All Outstanding 6.29% Notes Due 2016
(CUSIP No. 382388 AR 7)
For
6.29% Notes Due 2016
(CUSIP No. 382388 AS 5)
Registered Under the Securities Act of 1933
  All Outstanding 6.80% Notes Due 2036
(CUSIP No. 382388 AT 3)
For
6.80% Notes Due 2036
(CUSIP No. 382388 AU 0)
Registered Under the Securities Act of 1933
         
 
  Pursuant to the Prospectus dated , 2006
To Our Clients:
     Enclosed for your consideration is a Prospectus, dated      , 2006 (the “Prospectus”), and a related Letter of Transmittal relating to Goodrich Corporation’s offers to exchange (the “exchange offers”)
    its 6.29% Notes due 2016 which have been registered under the Securities Act of 1933, as amended (the “Securities Act”), for a like principal amount of its outstanding 6.29% Notes due 2016, referred to as the outstanding 10-year notes, and
 
    its 6.80% Notes due 2036 which have been registered under the Securities Act for a like principal amount of its outstanding 6.80% Notes due 2036, referred to, together with the outstanding 10-year notes, as the outstanding notes.
     We are the holder of record of outstanding notes held for your account. A tender of such outstanding notes can be made only by us as the holder of record and pursuant to your instructions. The enclosed Letter of Transmittal is furnished to you for your information only and cannot be used by you to tender outstanding notes held by us for your account.
     Accordingly, we request instructions as to whether you wish us to tender any or all of the outstanding notes held by us for your account, upon the terms and subject to the conditions set forth in the Prospectus and Letter of Transmittal. We urge you to read the Prospectus and the Letter of Transmittal carefully before instructing us to tender your outstanding notes.

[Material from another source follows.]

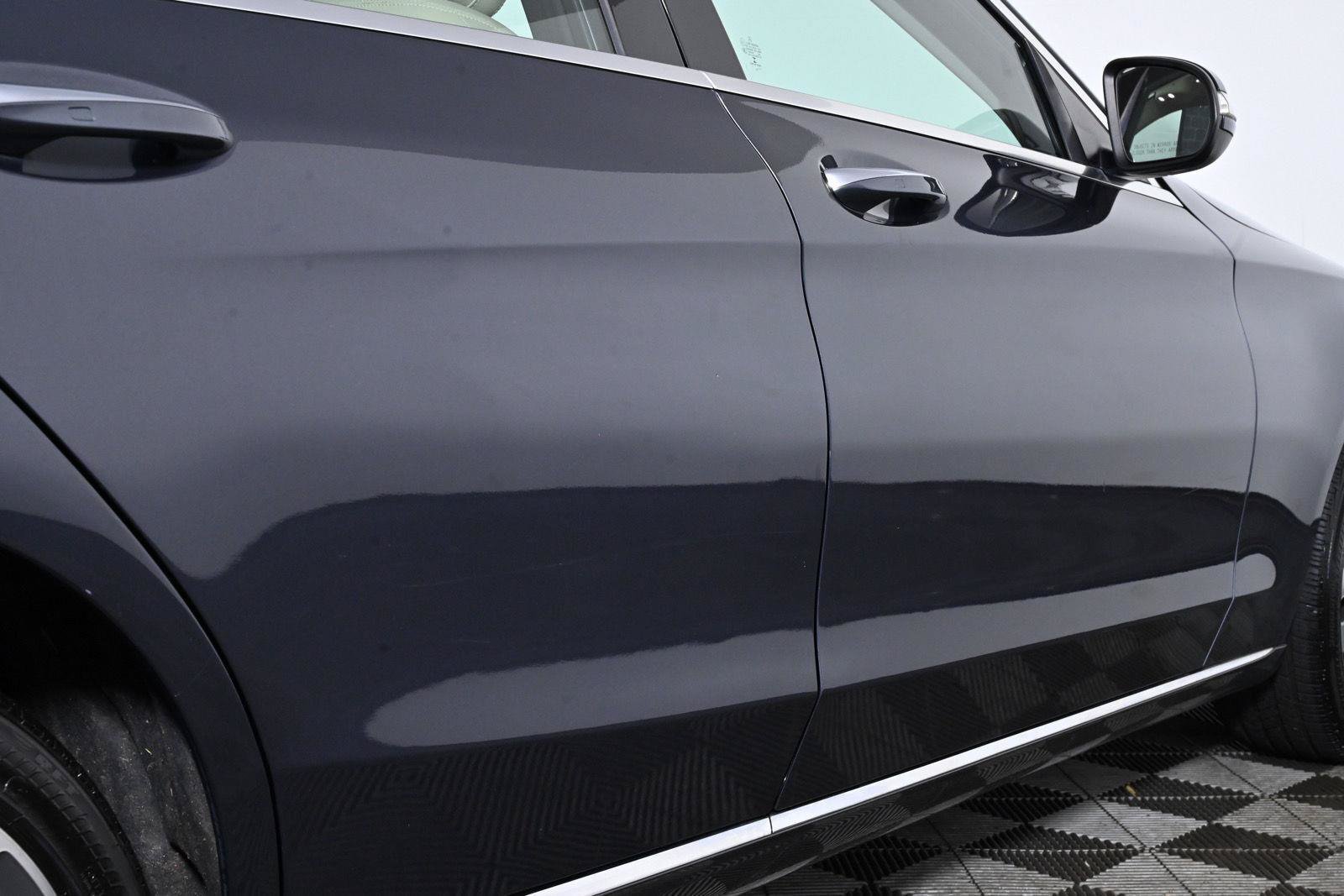 Used 2015 Mercedes-Benz C 300 4MATIC Sedan image 8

     Your instructions to us should be forwarded as promptly as possible in order to permit us to tender outstanding notes on your behalf in accordance with the provisions of the exchange offers. The exchange offers will expire at 5:00 p.m., New York City time, on      , 200 , unless extended (the “Expiration Date”). Outstanding notes tendered pursuant to the exchange offers may be withdrawn only under the circumstances described in the Prospectus and the Letter of Transmittal.

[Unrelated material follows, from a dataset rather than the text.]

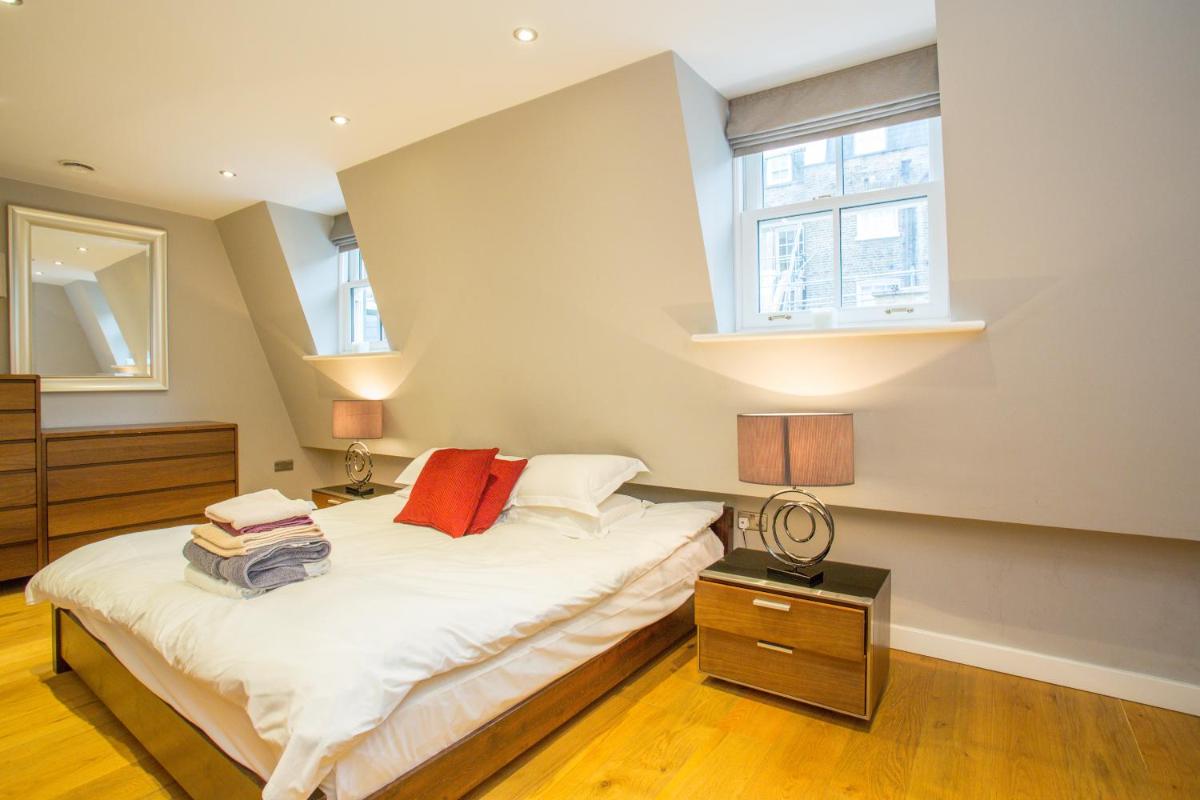 The Escalier Mews - Bright 3BDR Home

     Your attention is directed to the following:
     1. The exchange offers are for the entire aggregate principal amount of the outstanding notes.

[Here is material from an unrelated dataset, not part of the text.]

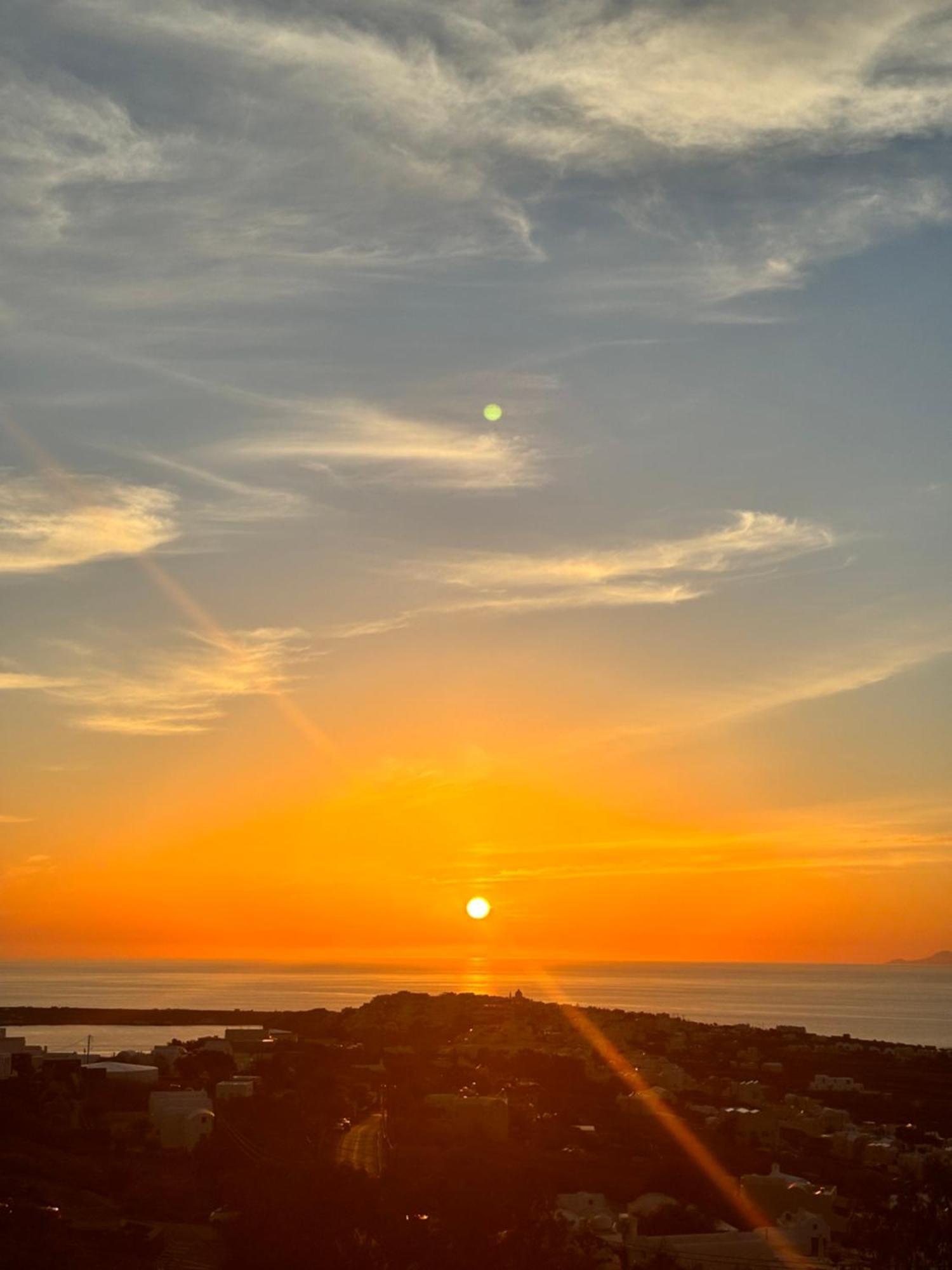 Sunset Paradise Oia Buitenkant foto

     2. Consummation of the exchange offers is conditioned upon the terms and conditions set forth in the Prospectus under the captions “The Exchange Offers–Terms of the Exchange Offers” and “The Exchange Offers–Conditions to the Exchange Offers.”
     3. Tendering holders may withdraw their tender at any time until 5:00 p.m., New York City time, on the Expiration Date as set forth in the Prospectus.
     4. Any transfer taxes incident to the transfer of outstanding notes from the tendering holder to the Company will be paid by the Company, except as provided in the Prospectus and the instructions to the Letter of Transmittal.

 


 

     5. The exchange offers are not being made to, nor will the surrender of outstanding notes for exchange be accepted from or on behalf of, holders of outstanding notes in any jurisdiction in which the exchange offers or acceptance thereof would not be in compliance with the securities or blue sky laws of such jurisdiction.
     6. The acceptance for exchange of outstanding notes validly tendered and not withdrawn and the issuance of new notes will be made as soon as practicable after the Expiration Date.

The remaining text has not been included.